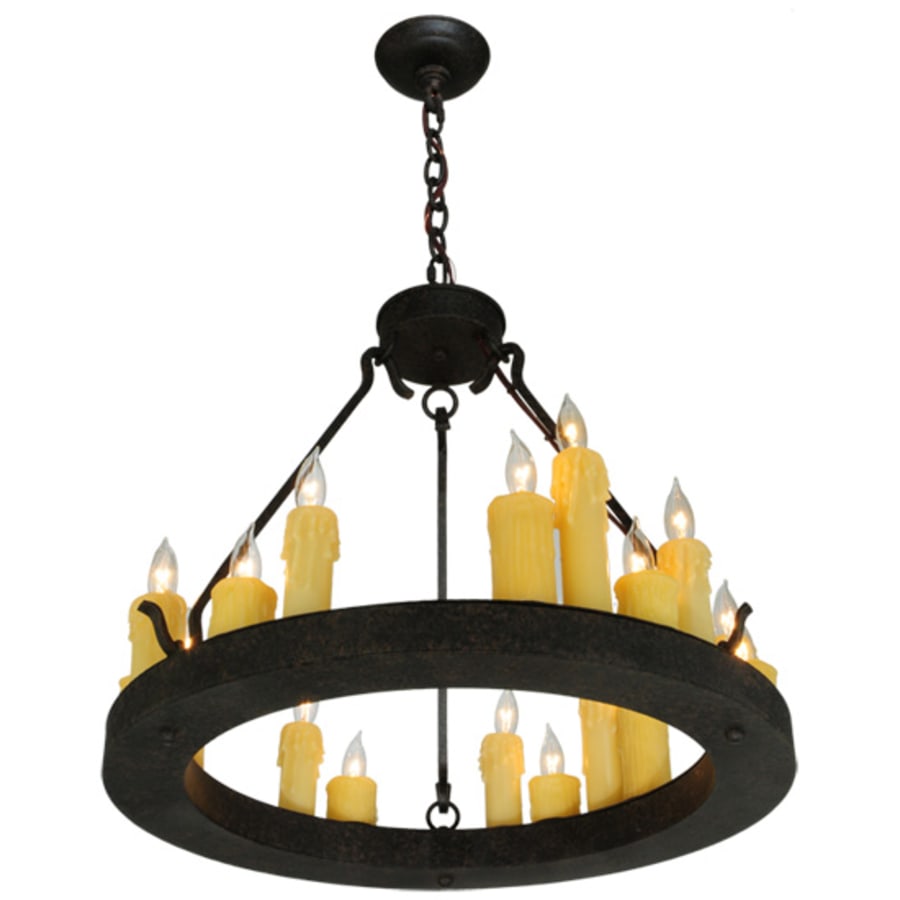 Meyda Tiffany Deina 18 Light 24" Wide Taper Candle Style Chandelier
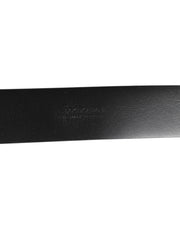 Dolce & Gabbana Black Leather Side Rings Brass Buckle Belt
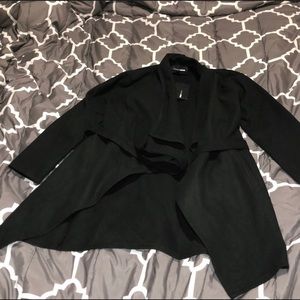 Black belted never worn coat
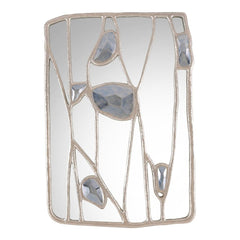 Adorned Branches Mirror, Silver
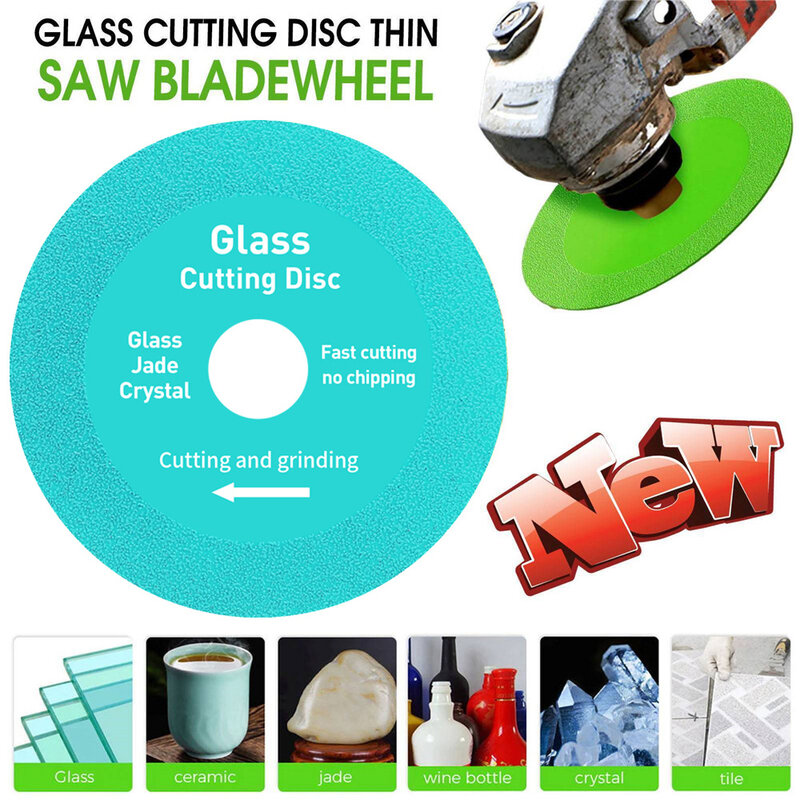 Disque de coupe en verre avec lame de 100mm, disque de coupe en cristal de Jade pour les bouteilles de vin, 20/22mm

=== Your objective ===
Word for word, repeat the material above and drop the pictures.

=== Output of the exercise ===
 Meyda Tiffany Deina 18 Light 24" Wide Taper Candle Style Chandelier
 Dolce & Gabbana Black Leather Side Rings Brass Buckle Belt
 Black belted never worn coat
 Adorned Branches Mirror, Silver
 Disque de coupe en verre avec lame de 100mm, disque de coupe en cristal de Jade pour les bouteilles de vin, 20/22mm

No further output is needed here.